I shower as quietly as I can off of the master bedroom where my wife and daughter are asleep together. Tracy holds Shea in her arms, propped up by pillows, and her eyes are closed. It's become a ritual, to watch them sleep as I brush my teeth, put on deodorant and get dressed. When I am dressed and ready to leave for another day I kiss them both on the forehead. Tracy stirs as I press my lips against the warmth of her skin. Her eyelids flutter and she will open them for the briefest of moments and mutter, "I love you," in a near incomprehensible whisper. I turn then to my daughter, my beautiful Shea, and I brush my lips against her forehead and her cheek. Today, for the first time, she smiles at me. She does not open her eyes, but she gives me a huge open-mouth smile that almost brings me to tears.
The last two weeks have been terrible. Work has become more and more demanding of my time, depleting my energy reserves to almost imperceptible levels. I have been riddled with guilt over the lack of time I have with my family and, through misunderstanding, went through two days of hell where I thought my family felt I was abandoning them, or at least neglecting them. In the midst of this, I got a cold. I feel like crap at work and, because of my program requiring so much of my vacation time, I am unable to take a sick day. I burned the one extra day I had on Friday and came down with the cold on Monday.

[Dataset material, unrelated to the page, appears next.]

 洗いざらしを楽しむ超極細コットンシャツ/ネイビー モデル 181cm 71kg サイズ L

I've been feeling like the hamster on the wheel lately, running with a singular focus and getting no where. I am going to have to make some changes here soon in regards to my employment because I don't think I can withstand it.
My job recently changed to where I have to make 200 phone calls a day. I am basically a glorified telemarketer. It is terrible. I have had people hang up on me multiple times every day. I have people talk to me in ways that I wouldn't dare talk to a stranger. It's fatiguing.

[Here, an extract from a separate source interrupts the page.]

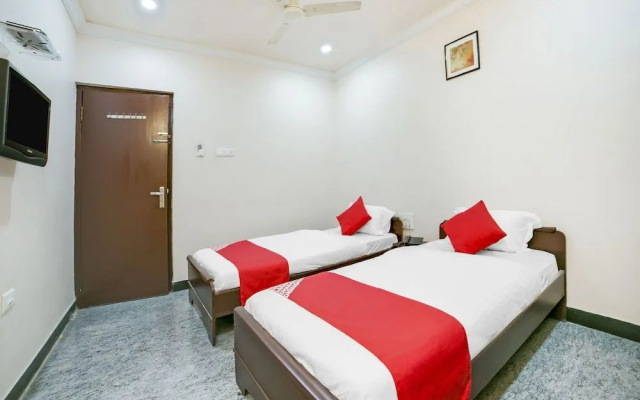 OYO 14178 Hotel Sea City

The semester is almost over and I feel like I haven't written a single story that will make it into my thesis. I'm not sure if any of them are salvageable. It's frustrating. So, I'm left again in the place where self-doubt calls my education into question. Am I passionate enough about my art to continue? Can I survive this period in my life which is so fraught with conflicting pressures and deadlines? I'm not sure.
So, this morning, carrying the weight of the cold in my chest and the dread of another day spent on the phone making 200 phone calls, I'm met with the toothless smile of my wonderful daughter who makes me feel like I have to do it. I have to do it for her. If there is anything in this world worth fighting for, worth becoming a better man for, it is her. It is for her and her mother that I fight on. It is because of their love that I want to acheive the elevation of my soul and the opening of my heart. I want to be good. For them, I want to be good.